As my friend Lu Dongdong, a doctor of law and grandson of the famous tai chi Grandmaster Chen Zhenglei, led me along a weed-choked path toward a wooded area in a less-traveled part of the ancient village, he stopped abruptly.

"There it is," he said, pointing past a natural arbor that surrounded a humble, crumbling brick building in the distance. "That is where my grandfather grew up. But we can't go any farther."

The trail had disappeared beneath our feet, giving way to thick undergrowth and a tangle of tree branches. Forward progress seemed impossible. But I was determined to see the home where my tai chi master spent his childhood.

In 2011, shortly before becoming a disciple of Master Chen's, I read an English-language translation of his autobiography. In it, he tells of childhood heartbreak and struggles, of standing over the fire in the kitchen of his home during terribly cold winter days, though having little to cook or to eat, and, at the age of 10, preparing meals for his ill mother.

So we pushed onward through the thicket, impervious to the brambles and mosquitoes, and soon came upon the house. Its back wall was gone and the roof was in disrepair, the bamboo hanging wearily with age.

As Lu, fellow China Daily reporter Qi Xin and I stepped into a clutter of broken tiles, bricks and dust, what we first noticed, still standing solid, was the long-abandoned brick stove.

Home's crumbling bricks and dust should raise an alarm

I stood in the very place where my master, as an infant, had stopped breathing after an illness, a doctor pronouncing him dead, his grief-stricken mother shrieking. This was the house from which he was taken, wrapped in a blanket, and left by his inconsolable mother at a hillside graveyard for infants, where he would soon be revived by a sudden loud thunderclap (hence Lei, or "Thunder", the name given to him by his father). I wondered why this important part of recent tai chi history had been allowed to crumble with age. Lu told me his grandfather owns the home, but the government holds the title to the land beneath it and has plans for the surrounding area, so its future lies in the balance.
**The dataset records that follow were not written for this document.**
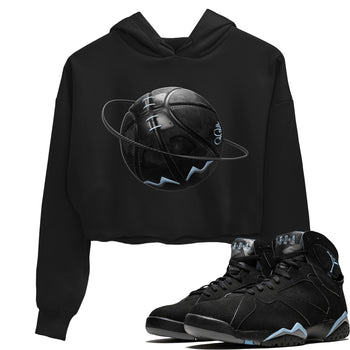 Air Jordan 7 Chambray Sneaker Match Tees Basketball Planet Sneaker Tees AJ7 Chambray Sneaker Release Tees Women's Shirts Black 1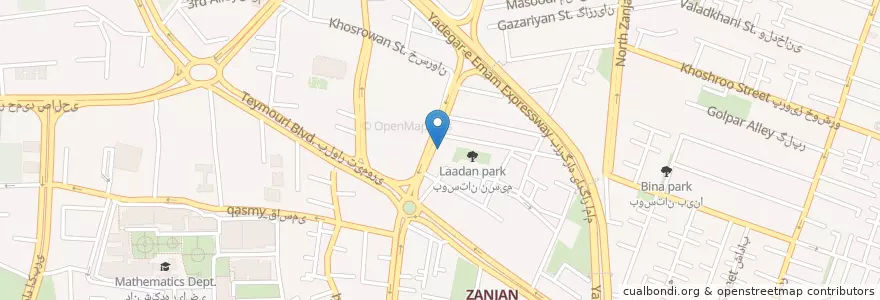 Mapa de ubicacion de مسجد امام حسین en 이란, 테헤란, شهرستان تهران, 테헤란, بخش مرکزی شهرستان تهران.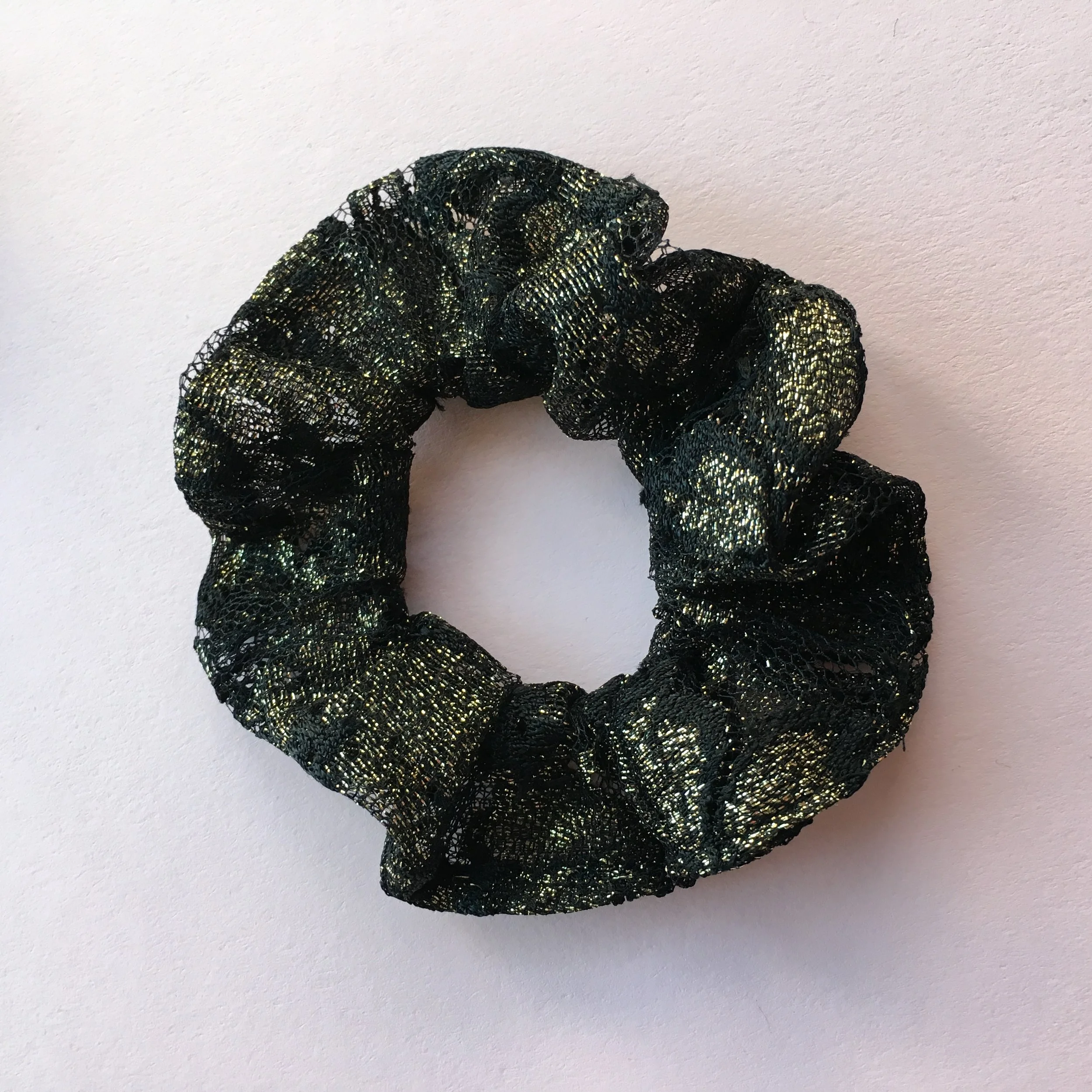 Black Metallic Gold Gilded Flower Lace Scrunchie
Nearby, overgrown with leaves, was the brick wall of a courtyard where the childhood home of grandmasters Chen Xiaowang and Chen Xiaoxing, cousins of Chen Zhenglei, once stood. Nothing remained of their house, which Chen Xiaowang told me was the place in the village he missed the most.
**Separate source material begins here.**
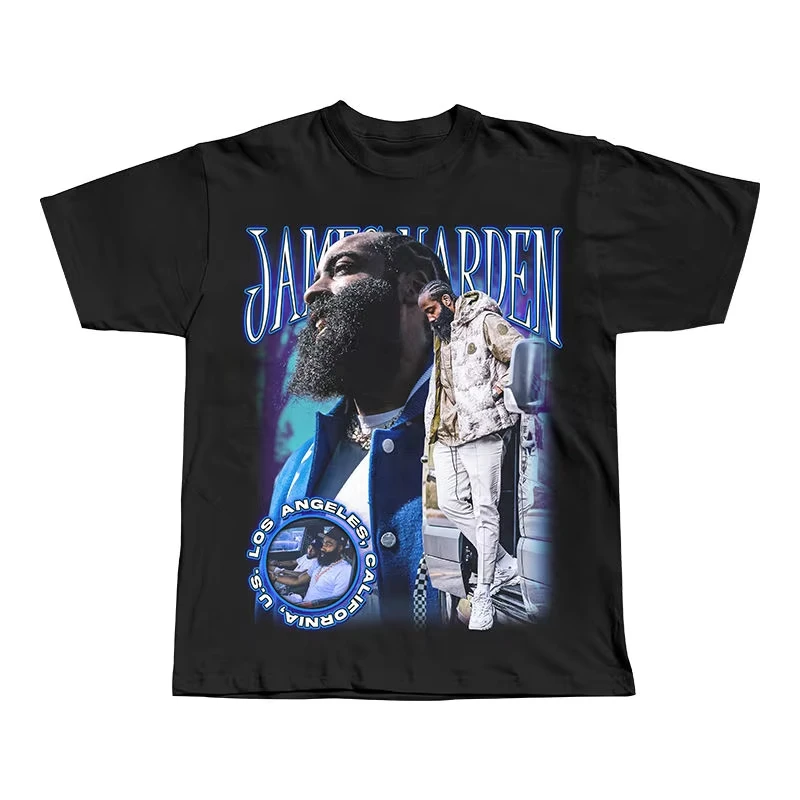 2025 النجم الصاعد جيمس هاردن جيرسي تي شيرت صاروخ الأمريكية خمر القطن فضفاض الرجال والنساء الصيف الراحة قصيرة الأكمام #3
Amid the feverish pace of building Chenjiagou into a destination for foreign and domestic travelers, let's hope that those involved in planning the village's future will have the wisdom to save what is left of Chen Zhenglei's childhood home and other remaining houses of famous masters.
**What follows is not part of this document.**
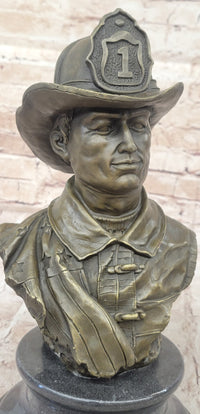 Firefighter Fireman Bronze Metal Bust on Marble Base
Likewise, I pray they will preserve the other treasures of the village's recent and distant past, so that visitors in the decades to come can stand and marvel at a real piece of history, and not just empty ground.

 Home's crumbling bricks and dust should raise an alarm

Tai chi Grandmaster Chen Zhenglei's childhood home has long been neglected and is in a state of disrepair. James Healy / China Daily

(China Daily 11/12/2015 page6)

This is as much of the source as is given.